Segment Start: DATA RECORDS

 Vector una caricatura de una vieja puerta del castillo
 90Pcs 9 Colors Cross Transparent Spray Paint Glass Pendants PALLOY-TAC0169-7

Segment End: DATA RECORDS
Segment Start: DATA RECORDS

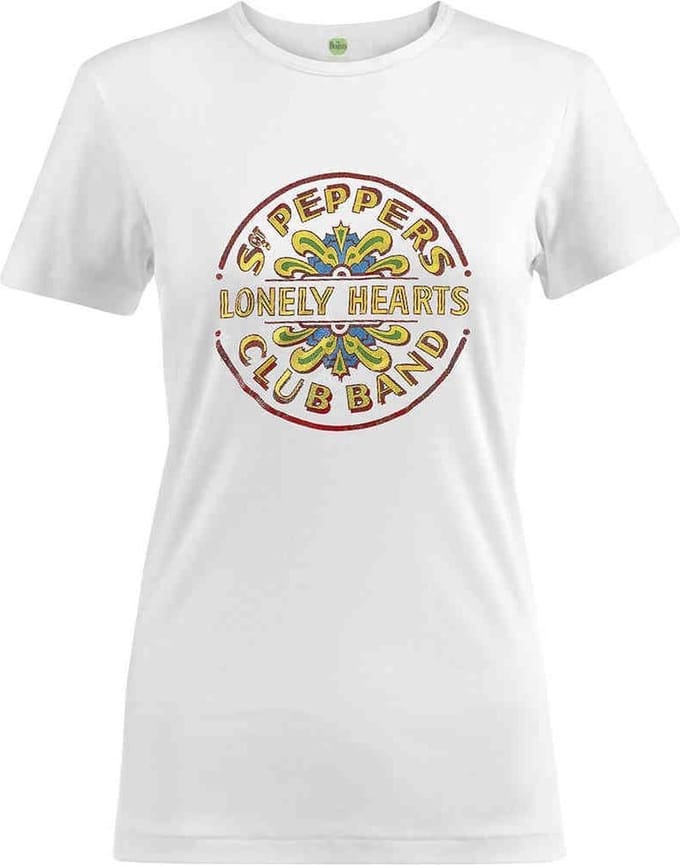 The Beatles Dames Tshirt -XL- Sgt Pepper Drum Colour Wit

Segment End: DATA RECORDS

**ACTIVITY**
Only the lines above from the one with "Vector una caricatura" through the one with "90Pcs 9 Colors" should be duplicated, character for character.

**THE COMPLETED TASK**
 Vector una caricatura de una vieja puerta del castillo
 90Pcs 9 Colors Cross Transparent Spray Paint Glass Pendants PALLOY-TAC0169-7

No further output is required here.